Angelica Daneo, chief curator at the Denver Art Museum, calls Rembrandt “one of the most celebrated artists of the 1600s” and an artist who “played a pivotal role in the development of European Art,” but until recently, residents of the Mile High City weren’t able to actually see any of his paintings unless they traveled somewhere else. The artist created close to 300 paintings during his career, but not every museum has one.

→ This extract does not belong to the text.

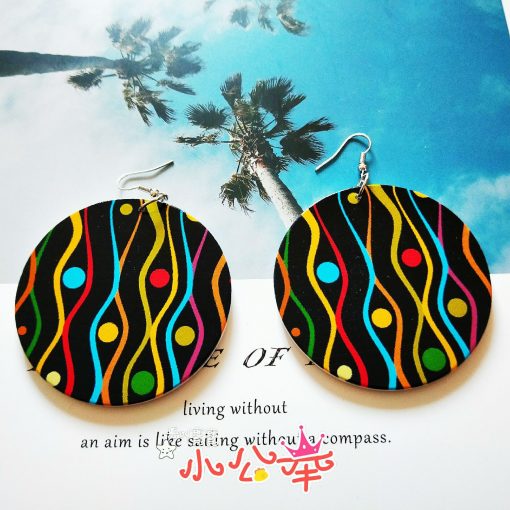 Influx of African personality simple retro wood printing round engraving geometric female earrings SZAX-162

Fortunately for Denver residents, that situation has been rectified—for two years, at least—thanks to the newly established Across the Nation program at Washington, D.C.’s National Gallery of Art that is lending works from its permanent collection to smaller and mid-sized museums around the United States.

The goal of the program is to share artworks from the National Gallery’s permanent collection with museums, many of which are in rural areas and mostly in western states that do not have pieces of this caliber to display in their communities. Ten museums (the Anchorage Museum in Alaska, the Boise Art Museum in Idaho, the Denver Art Museum in Colorado, the Figge Art Museum in Iowa, the Flint Institute of Arts in Michigan, the Mint Museum in Charlotte, North Carolina, the New Britain Museum of Art in Connecticut, the Utah Museum of Contemporary Art in Salt Lake City, the Whatcom Museum in Bellingham, Washington and the Nevada Museum of Art in Reno) are part of the first round of loans, with more expected in the coming years.

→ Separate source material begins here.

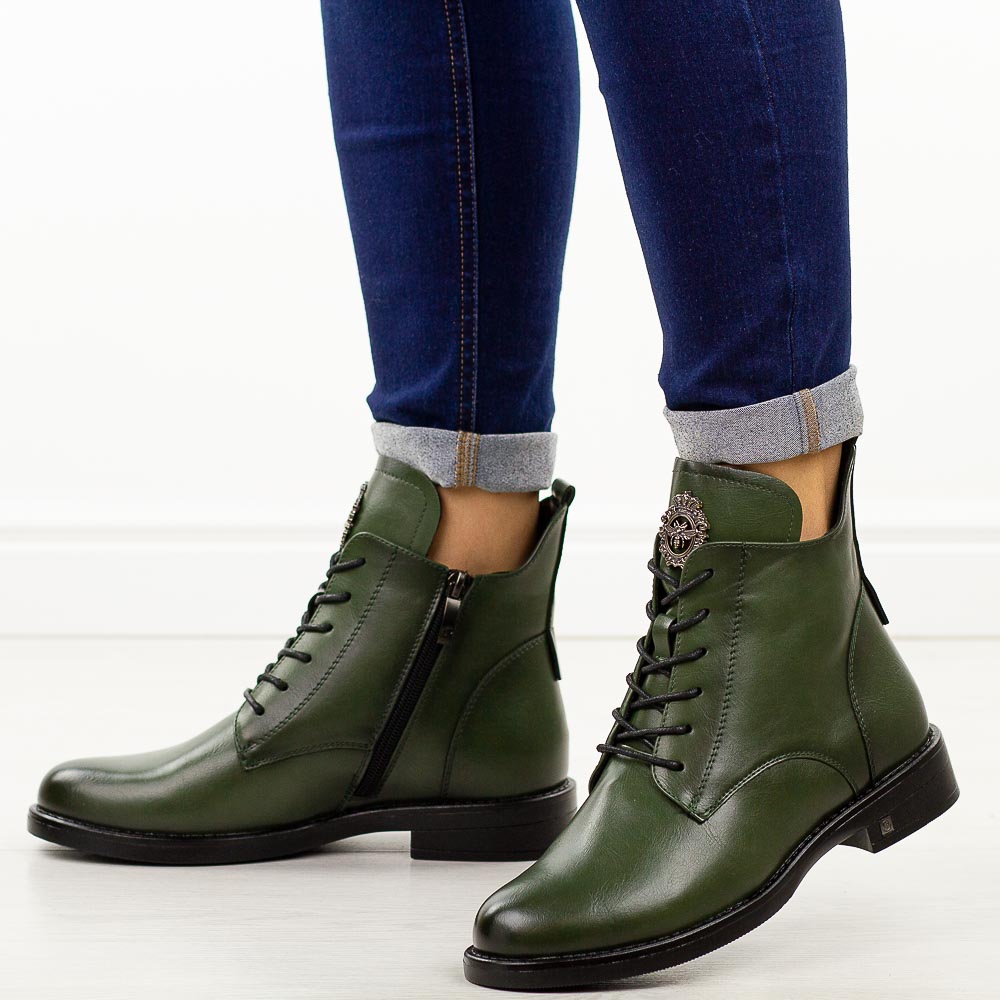 Zielone zimowe płaskie botki damskie Potocki 12179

“We have so much to offer; our collection is here for the nation, and we felt that we were missing an opportunity to share with more people,” Kate Haw, officer for programs, exhibitions and audience engagement at the National Gallery of Art, told Observer. “Many people may not be able to come to Washington to see the collection here on our campus. While we welcome four million visitors a year and lend very generously to special exhibitions and museums around the country and around the world, we felt that we could be doing more for the nation in communities. And, as we are the National Museum, we really wanted to be more proactive about how we shared.”

SEE ALSO: Why Provenance Is Still the Art World’s Blind Spot

The National Gallery’s curators put together a list of 700 American and European artworks from its collection, representing paintings and photographs—some dating back to the 15th century. The Flemish artist Hans Memling was sent to the Flint Institute of Arts, along with works by Sandro Botticelli and Andy Warhol, while others received 19th- and 20th-century French works (paintings by Henri Matisse, Auguste Renoir and Paul Cezanne went to the Whatcom Museum) and Modernist pieces (the Anchorage Museum was lent paintings by Georgia O’Keeffe, Mark Rothko and Nancy Graves, and the Nevada Museum of Art received seventy photographs by Dorothea Lange).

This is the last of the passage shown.